*** Opening DATA IN THIS EXERCISE ***

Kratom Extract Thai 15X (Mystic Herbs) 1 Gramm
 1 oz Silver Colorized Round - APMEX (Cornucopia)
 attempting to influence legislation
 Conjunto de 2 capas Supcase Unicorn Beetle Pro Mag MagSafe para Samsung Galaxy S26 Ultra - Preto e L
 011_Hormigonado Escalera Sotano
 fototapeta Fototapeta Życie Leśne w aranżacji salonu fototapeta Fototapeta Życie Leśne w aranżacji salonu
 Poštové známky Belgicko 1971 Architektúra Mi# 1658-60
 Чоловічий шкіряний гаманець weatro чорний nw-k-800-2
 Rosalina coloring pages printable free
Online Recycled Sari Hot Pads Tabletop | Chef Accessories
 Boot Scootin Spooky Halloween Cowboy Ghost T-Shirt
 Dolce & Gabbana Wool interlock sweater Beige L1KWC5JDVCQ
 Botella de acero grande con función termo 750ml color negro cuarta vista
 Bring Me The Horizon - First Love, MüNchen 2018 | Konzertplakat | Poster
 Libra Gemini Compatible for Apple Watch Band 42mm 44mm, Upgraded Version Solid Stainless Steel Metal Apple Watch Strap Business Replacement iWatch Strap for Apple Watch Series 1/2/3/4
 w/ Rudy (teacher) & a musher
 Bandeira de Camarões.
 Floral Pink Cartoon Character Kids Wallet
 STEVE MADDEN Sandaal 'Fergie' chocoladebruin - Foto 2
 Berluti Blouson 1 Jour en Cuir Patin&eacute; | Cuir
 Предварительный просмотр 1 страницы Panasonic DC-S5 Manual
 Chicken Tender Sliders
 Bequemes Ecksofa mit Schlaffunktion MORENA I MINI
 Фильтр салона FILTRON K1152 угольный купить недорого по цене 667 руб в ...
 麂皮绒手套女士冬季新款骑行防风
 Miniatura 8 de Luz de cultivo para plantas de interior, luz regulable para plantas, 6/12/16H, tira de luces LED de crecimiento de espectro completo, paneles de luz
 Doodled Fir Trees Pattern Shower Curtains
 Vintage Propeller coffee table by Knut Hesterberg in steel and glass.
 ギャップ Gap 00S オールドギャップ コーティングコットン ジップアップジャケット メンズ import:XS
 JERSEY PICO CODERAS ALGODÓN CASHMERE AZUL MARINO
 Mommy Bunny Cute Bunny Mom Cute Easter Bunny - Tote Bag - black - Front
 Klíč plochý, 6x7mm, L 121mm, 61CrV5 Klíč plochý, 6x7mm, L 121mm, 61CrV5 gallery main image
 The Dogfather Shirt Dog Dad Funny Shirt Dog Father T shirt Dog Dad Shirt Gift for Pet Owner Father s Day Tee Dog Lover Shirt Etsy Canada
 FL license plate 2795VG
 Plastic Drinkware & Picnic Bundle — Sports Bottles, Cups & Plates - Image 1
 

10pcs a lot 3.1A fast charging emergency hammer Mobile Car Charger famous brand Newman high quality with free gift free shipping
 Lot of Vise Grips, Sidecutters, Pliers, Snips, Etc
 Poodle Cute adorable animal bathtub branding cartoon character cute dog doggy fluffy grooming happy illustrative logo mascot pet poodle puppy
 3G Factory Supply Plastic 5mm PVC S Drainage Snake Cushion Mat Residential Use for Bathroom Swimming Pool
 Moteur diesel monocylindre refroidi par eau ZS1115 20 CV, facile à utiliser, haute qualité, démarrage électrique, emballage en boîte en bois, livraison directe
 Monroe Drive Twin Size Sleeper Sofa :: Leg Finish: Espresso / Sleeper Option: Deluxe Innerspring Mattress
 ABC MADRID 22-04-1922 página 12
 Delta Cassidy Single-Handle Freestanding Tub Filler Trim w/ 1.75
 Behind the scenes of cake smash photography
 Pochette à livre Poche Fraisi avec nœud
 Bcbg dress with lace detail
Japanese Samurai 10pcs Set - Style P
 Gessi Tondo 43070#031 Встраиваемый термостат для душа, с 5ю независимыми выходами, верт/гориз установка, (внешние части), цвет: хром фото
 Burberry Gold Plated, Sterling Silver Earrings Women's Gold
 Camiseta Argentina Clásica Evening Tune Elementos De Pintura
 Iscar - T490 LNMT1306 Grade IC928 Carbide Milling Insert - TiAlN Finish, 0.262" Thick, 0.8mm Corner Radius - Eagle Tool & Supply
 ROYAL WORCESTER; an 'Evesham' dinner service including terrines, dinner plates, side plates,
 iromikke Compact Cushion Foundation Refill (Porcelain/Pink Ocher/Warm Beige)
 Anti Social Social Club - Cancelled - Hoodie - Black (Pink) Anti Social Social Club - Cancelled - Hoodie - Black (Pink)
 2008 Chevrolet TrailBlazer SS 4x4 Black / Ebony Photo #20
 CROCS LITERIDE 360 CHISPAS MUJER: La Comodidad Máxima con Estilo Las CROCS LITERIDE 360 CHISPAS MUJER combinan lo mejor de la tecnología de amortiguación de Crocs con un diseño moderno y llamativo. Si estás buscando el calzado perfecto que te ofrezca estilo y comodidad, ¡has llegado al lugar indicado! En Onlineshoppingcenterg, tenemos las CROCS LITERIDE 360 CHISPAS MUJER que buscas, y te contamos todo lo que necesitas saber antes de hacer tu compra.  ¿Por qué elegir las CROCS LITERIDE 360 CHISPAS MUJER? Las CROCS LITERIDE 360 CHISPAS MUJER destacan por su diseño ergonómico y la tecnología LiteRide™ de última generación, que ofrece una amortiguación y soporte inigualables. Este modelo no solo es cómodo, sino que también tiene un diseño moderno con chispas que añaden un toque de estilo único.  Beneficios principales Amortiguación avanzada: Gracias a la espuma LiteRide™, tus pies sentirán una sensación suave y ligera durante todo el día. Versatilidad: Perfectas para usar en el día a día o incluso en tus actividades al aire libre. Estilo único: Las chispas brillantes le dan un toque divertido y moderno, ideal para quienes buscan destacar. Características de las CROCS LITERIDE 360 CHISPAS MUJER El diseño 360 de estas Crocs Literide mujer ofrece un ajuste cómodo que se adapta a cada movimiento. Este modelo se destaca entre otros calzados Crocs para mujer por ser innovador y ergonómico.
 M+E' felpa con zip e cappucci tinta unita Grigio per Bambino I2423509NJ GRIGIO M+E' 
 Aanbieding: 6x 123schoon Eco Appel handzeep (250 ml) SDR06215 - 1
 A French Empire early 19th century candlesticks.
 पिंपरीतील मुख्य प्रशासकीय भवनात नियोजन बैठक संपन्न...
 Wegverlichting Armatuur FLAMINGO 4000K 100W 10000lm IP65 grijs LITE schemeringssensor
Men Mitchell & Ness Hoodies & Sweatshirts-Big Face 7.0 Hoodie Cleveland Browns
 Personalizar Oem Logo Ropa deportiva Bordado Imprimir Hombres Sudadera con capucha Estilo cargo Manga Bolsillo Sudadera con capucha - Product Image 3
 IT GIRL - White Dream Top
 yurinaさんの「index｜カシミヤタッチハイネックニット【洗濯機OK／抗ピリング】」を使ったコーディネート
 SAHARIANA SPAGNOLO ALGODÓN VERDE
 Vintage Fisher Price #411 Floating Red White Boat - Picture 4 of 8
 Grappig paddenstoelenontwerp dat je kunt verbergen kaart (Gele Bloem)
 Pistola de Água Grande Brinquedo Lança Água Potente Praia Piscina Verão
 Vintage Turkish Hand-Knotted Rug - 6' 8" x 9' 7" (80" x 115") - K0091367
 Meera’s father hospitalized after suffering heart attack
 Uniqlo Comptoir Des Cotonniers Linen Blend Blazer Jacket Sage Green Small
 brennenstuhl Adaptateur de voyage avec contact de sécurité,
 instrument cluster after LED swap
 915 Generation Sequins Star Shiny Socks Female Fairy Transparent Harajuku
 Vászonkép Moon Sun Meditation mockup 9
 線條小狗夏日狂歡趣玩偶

*** Closing DATA IN THIS EXERCISE ***

■ TASK DESCRIPTION ■
To complete this exercise, set down every line above exactly once more.

■ THE ANSWER ■
Kratom Extract Thai 15X (Mystic Herbs) 1 Gramm
 1 oz Silver Colorized Round - APMEX (Cornucopia)
 attempting to influence legislation
 Conjunto de 2 capas Supcase Unicorn Beetle Pro Mag MagSafe para Samsung Galaxy S26 Ultra - Preto e L
 011_Hormigonado Escalera Sotano
 fototapeta Fototapeta Życie Leśne w aranżacji salonu fototapeta Fototapeta Życie Leśne w aranżacji salonu
 Poštové známky Belgicko 1971 Architektúra Mi# 1658-60
 Чоловічий шкіряний гаманець weatro чорний nw-k-800-2
 Rosalina coloring pages printable free
Online Recycled Sari Hot Pads Tabletop | Chef Accessories
 Boot Scootin Spooky Halloween Cowboy Ghost T-Shirt
 Dolce & Gabbana Wool interlock sweater Beige L1KWC5JDVCQ
 Botella de acero grande con función termo 750ml color negro cuarta vista
 Bring Me The Horizon - First Love, MüNchen 2018 | Konzertplakat | Poster
 Libra Gemini Compatible for Apple Watch Band 42mm 44mm, Upgraded Version Solid Stainless Steel Metal Apple Watch Strap Business Replacement iWatch Strap for Apple Watch Series 1/2/3/4
 w/ Rudy (teacher) & a musher
 Bandeira de Camarões.
 Floral Pink Cartoon Character Kids Wallet
 STEVE MADDEN Sandaal 'Fergie' chocoladebruin - Foto 2
 Berluti Blouson 1 Jour en Cuir Patin&eacute; | Cuir
 Предварительный просмотр 1 страницы Panasonic DC-S5 Manual
 Chicken Tender Sliders
 Bequemes Ecksofa mit Schlaffunktion MORENA I MINI
 Фильтр салона FILTRON K1152 угольный купить недорого по цене 667 руб в ...
 麂皮绒手套女士冬季新款骑行防风
 Miniatura 8 de Luz de cultivo para plantas de interior, luz regulable para plantas, 6/12/16H, tira de luces LED de crecimiento de espectro completo, paneles de luz
 Doodled Fir Trees Pattern Shower Curtains
 Vintage Propeller coffee table by Knut Hesterberg in steel and glass.
 ギャップ Gap 00S オールドギャップ コーティングコットン ジップアップジャケット メンズ import:XS
 JERSEY PICO CODERAS ALGODÓN CASHMERE AZUL MARINO
 Mommy Bunny Cute Bunny Mom Cute Easter Bunny - Tote Bag - black - Front
 Klíč plochý, 6x7mm, L 121mm, 61CrV5 Klíč plochý, 6x7mm, L 121mm, 61CrV5 gallery main image
 The Dogfather Shirt Dog Dad Funny Shirt Dog Father T shirt Dog Dad Shirt Gift for Pet Owner Father s Day Tee Dog Lover Shirt Etsy Canada
 FL license plate 2795VG
 Plastic Drinkware & Picnic Bundle — Sports Bottles, Cups & Plates - Image 1
 

10pcs a lot 3.1A fast charging emergency hammer Mobile Car Charger famous brand Newman high quality with free gift free shipping
 Lot of Vise Grips, Sidecutters, Pliers, Snips, Etc
 Poodle Cute adorable animal bathtub branding cartoon character cute dog doggy fluffy grooming happy illustrative logo mascot pet poodle puppy
 3G Factory Supply Plastic 5mm PVC S Drainage Snake Cushion Mat Residential Use for Bathroom Swimming Pool
 Moteur diesel monocylindre refroidi par eau ZS1115 20 CV, facile à utiliser, haute qualité, démarrage électrique, emballage en boîte en bois, livraison directe
 Monroe Drive Twin Size Sleeper Sofa :: Leg Finish: Espresso / Sleeper Option: Deluxe Innerspring Mattress
 ABC MADRID 22-04-1922 página 12
 Delta Cassidy Single-Handle Freestanding Tub Filler Trim w/ 1.75
 Behind the scenes of cake smash photography
 Pochette à livre Poche Fraisi avec nœud
 Bcbg dress with lace detail
Japanese Samurai 10pcs Set - Style P
 Gessi Tondo 43070#031 Встраиваемый термостат для душа, с 5ю независимыми выходами, верт/гориз установка, (внешние части), цвет: хром фото
 Burberry Gold Plated, Sterling Silver Earrings Women's Gold
 Camiseta Argentina Clásica Evening Tune Elementos De Pintura
 Iscar - T490 LNMT1306 Grade IC928 Carbide Milling Insert - TiAlN Finish, 0.262" Thick, 0.8mm Corner Radius - Eagle Tool & Supply
 ROYAL WORCESTER; an 'Evesham' dinner service including terrines, dinner plates, side plates,
 iromikke Compact Cushion Foundation Refill (Porcelain/Pink Ocher/Warm Beige)
 Anti Social Social Club - Cancelled - Hoodie - Black (Pink) Anti Social Social Club - Cancelled - Hoodie - Black (Pink)
 2008 Chevrolet TrailBlazer SS 4x4 Black / Ebony Photo #20
 CROCS LITERIDE 360 CHISPAS MUJER: La Comodidad Máxima con Estilo Las CROCS LITERIDE 360 CHISPAS MUJER combinan lo mejor de la tecnología de amortiguación de Crocs con un diseño moderno y llamativo. Si estás buscando el calzado perfecto que te ofrezca estilo y comodidad, ¡has llegado al lugar indicado! En Onlineshoppingcenterg, tenemos las CROCS LITERIDE 360 CHISPAS MUJER que buscas, y te contamos todo lo que necesitas saber antes de hacer tu compra.  ¿Por qué elegir las CROCS LITERIDE 360 CHISPAS MUJER? Las CROCS LITERIDE 360 CHISPAS MUJER destacan por su diseño ergonómico y la tecnología LiteRide™ de última generación, que ofrece una amortiguación y soporte inigualables. Este modelo no solo es cómodo, sino que también tiene un diseño moderno con chispas que añaden un toque de estilo único.  Beneficios principales Amortiguación avanzada: Gracias a la espuma LiteRide™, tus pies sentirán una sensación suave y ligera durante todo el día. Versatilidad: Perfectas para usar en el día a día o incluso en tus actividades al aire libre. Estilo único: Las chispas brillantes le dan un toque divertido y moderno, ideal para quienes buscan destacar. Características de las CROCS LITERIDE 360 CHISPAS MUJER El diseño 360 de estas Crocs Literide mujer ofrece un ajuste cómodo que se adapta a cada movimiento. Este modelo se destaca entre otros calzados Crocs para mujer por ser innovador y ergonómico.
 M+E' felpa con zip e cappucci tinta unita Grigio per Bambino I2423509NJ GRIGIO M+E' 
 Aanbieding: 6x 123schoon Eco Appel handzeep (250 ml) SDR06215 - 1
 A French Empire early 19th century candlesticks.
 पिंपरीतील मुख्य प्रशासकीय भवनात नियोजन बैठक संपन्न...
 Wegverlichting Armatuur FLAMINGO 4000K 100W 10000lm IP65 grijs LITE schemeringssensor
Men Mitchell & Ness Hoodies & Sweatshirts-Big Face 7.0 Hoodie Cleveland Browns
 Personalizar Oem Logo Ropa deportiva Bordado Imprimir Hombres Sudadera con capucha Estilo cargo Manga Bolsillo Sudadera con capucha - Product Image 3
 IT GIRL - White Dream Top
 yurinaさんの「index｜カシミヤタッチハイネックニット【洗濯機OK／抗ピリング】」を使ったコーディネート
 SAHARIANA SPAGNOLO ALGODÓN VERDE
 Vintage Fisher Price #411 Floating Red White Boat - Picture 4 of 8
 Grappig paddenstoelenontwerp dat je kunt verbergen kaart (Gele Bloem)
 Pistola de Água Grande Brinquedo Lança Água Potente Praia Piscina Verão
 Vintage Turkish Hand-Knotted Rug - 6' 8" x 9' 7" (80" x 115") - K0091367
 Meera’s father hospitalized after suffering heart attack
 Uniqlo Comptoir Des Cotonniers Linen Blend Blazer Jacket Sage Green Small
 brennenstuhl Adaptateur de voyage avec contact de sécurité,
 instrument cluster after LED swap
 915 Generation Sequins Star Shiny Socks Female Fairy Transparent Harajuku
 Vászonkép Moon Sun Meditation mockup 9
 線條小狗夏日狂歡趣玩偶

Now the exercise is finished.